C3N: a Two Dimensional Semiconductor Material with High stiffness,Superior Stability and Bending Poisson's Effect

TL;DR

This study comprehensively analyzes the mechanical and electronic properties of the novel 2D material C3N, revealing its high stability, exceptional stiffness, and unique bending behavior, making it promising for nano-electronic applications.

Contribution

It provides the first detailed first-principles investigation of C3N's mechanical and electronic properties, including stability, stiffness, and bending effects, which were previously unexplored.

Findings

C3N monolayer withstands temperatures up to 2000K.

C3N has a high Young's modulus of 1090 GPa, comparable to graphene.
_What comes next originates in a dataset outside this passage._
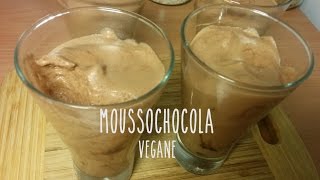 Mousse au chocolat à laquafaba  Recette végane et zero déchet [upl. by Abbi]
C3N exhibits a bending Poisson's effect with lateral contraction upon bending.

Abstract

Recently, a new type of two-dimensional layered material, i.e. C3N, has been fabricated by polymerization of 2,3-diaminophenazine and used to fabricate a field-effect transistor device with an on/off current ratio reaching 5.5E10 (Adv. Mater. 2017, 1605625). Here we have performed a comprehensive first-principles study mechanical and electronic properties of C3N and related derivatives. Ab inito molecular dynamics simulation shows that C3N monolayer can withstand high temperature up to 2000K. Besides high stability, C3N is predicted to be a superior stiff material with high Young's modulus (1090.0 GPa), which is comparable or even higher than that of graphene (1057.7 GPa). By roll-up C3N nanosheet into the corresponding nanotube, an out-of-plane bending deformation is also investigated. The calculation indicates C3N nanosheet possesses a fascinating bending Poisson's effect, namely, bending induced lateral contraction. Further investigation shows that most of the corresponding nanotubes also present high Young's modulus and semiconducting properties. In addition, the electronic properties of few-layer C3N nanosheet is also investigated. It is predicated that C3N monolayer is an indirect semiconductor (1.09 eV) with strongly polar covalent bonds, while the multi-layered C3N possesses metallic properties with AD-stacking. Due to high stability, suitable band gap and superior mechanical strength, the C3N nanosheet will be an ideal candidate in high-strength nano-electronic device applications.